▸ **REQUIREMENT**: Only the lines from the one that contains "Iedereen heeft recht" through the last line of the data below should be duplicated, exactly and without pictures.
-------- RECORDS PROVIDED
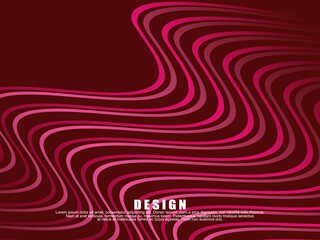 Abstract background of red wavy lines. Modern design for banners, cards, web design, banners, certificates, etc.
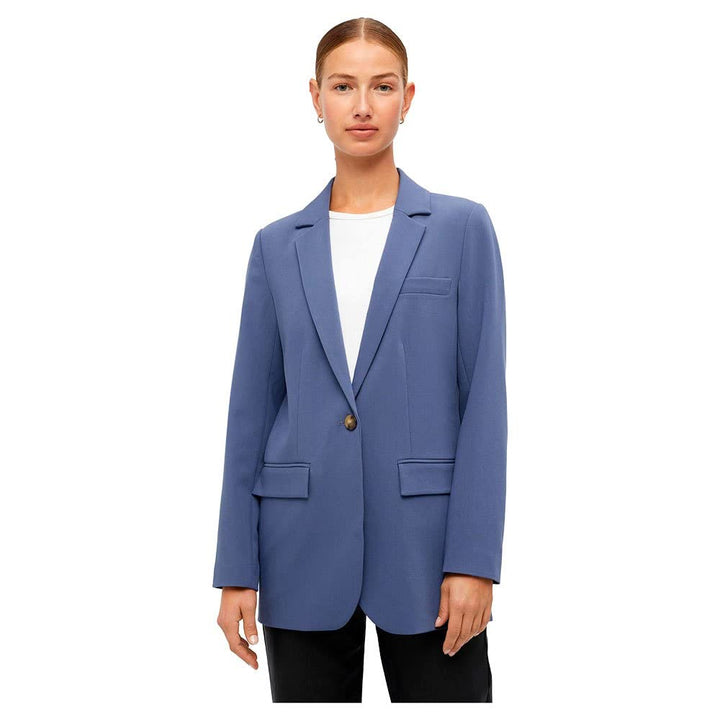 Object Damen Objsigrid L/S Blazer Noos Blazer 34 Blue Indigo, 34 Blue Indigo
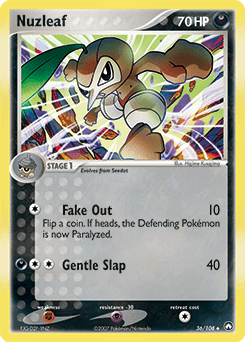 Nuzleaf 36/108 — Power Keepers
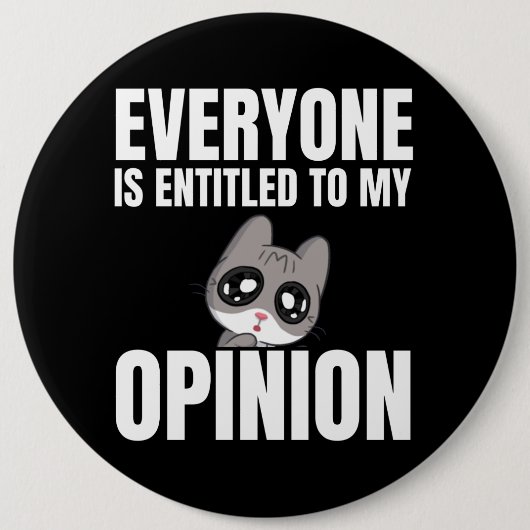 Iedereen heeft recht op mijn mening Button (Voorkant)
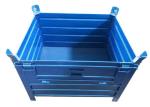Rigid Corrugated Steel Containers Bins With Half Drop Gate 1T Load
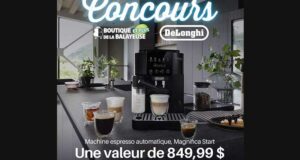 Gagnez une machine espresso de 850 $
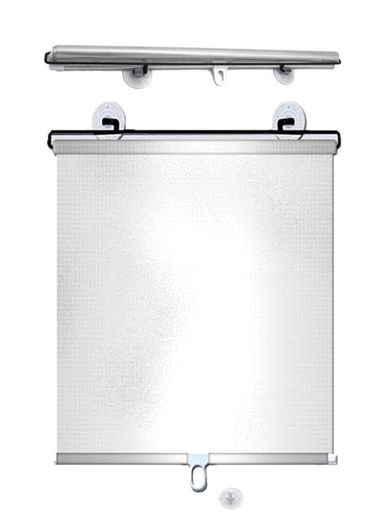S.fields.incロールスクリーン吸盤式日除けサンシェード遮光カーテンブラインド40cm窓車(40*60cmシルバ..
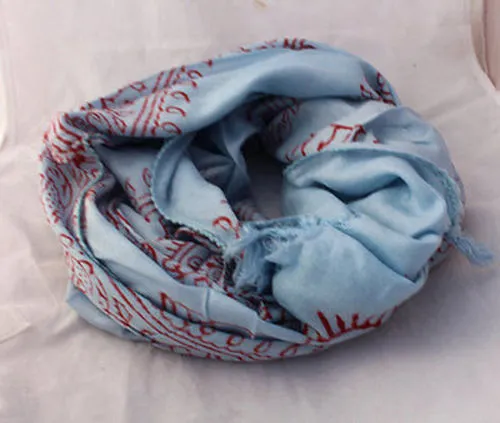 Medium Om Prayer Scarves with Fringes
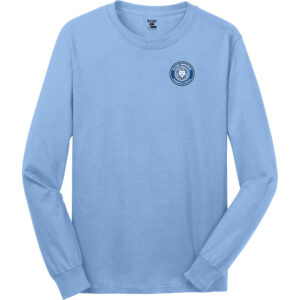 Clark Davidson Points of Interest Long Sleeve Tee - Light Blue - front view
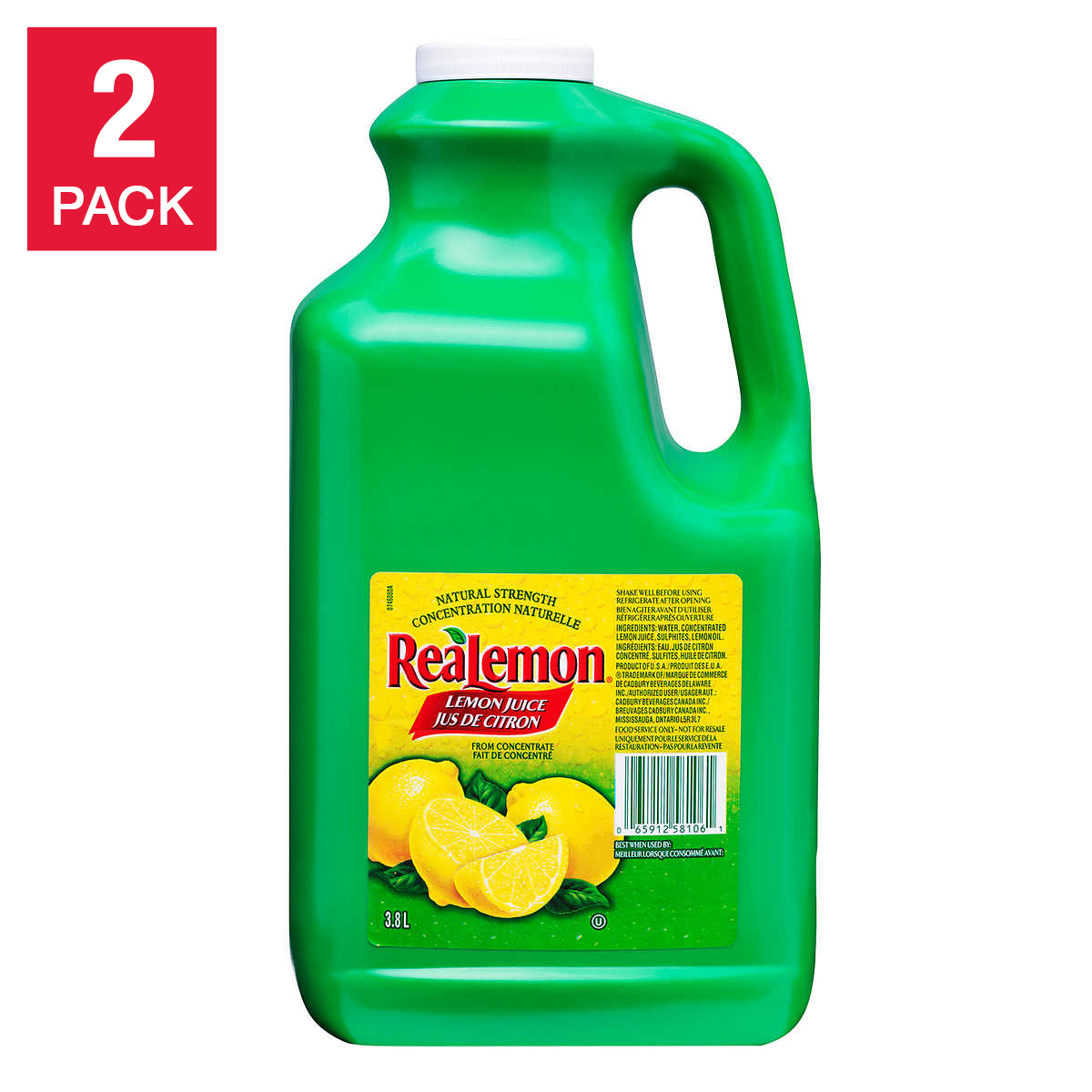 ReaLemon Lemon Juice, 2 x 3.8 L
----------------
▸ **RESPONSE TO THE TASK**:
 Iedereen heeft recht op mijn mening Button (Voorkant)
Rigid Corrugated Steel Containers Bins With Half Drop Gate 1T Load
 Gagnez une machine espresso de 850 $
S.fields.incロールスクリーン吸盤式日除けサンシェード遮光カーテンブラインド40cm窓車(40*60cmシルバ..
 Medium Om Prayer Scarves with Fringes
 Clark Davidson Points of Interest Long Sleeve Tee - Light Blue - front view
 ReaLemon Lemon Juice, 2 x 3.8 L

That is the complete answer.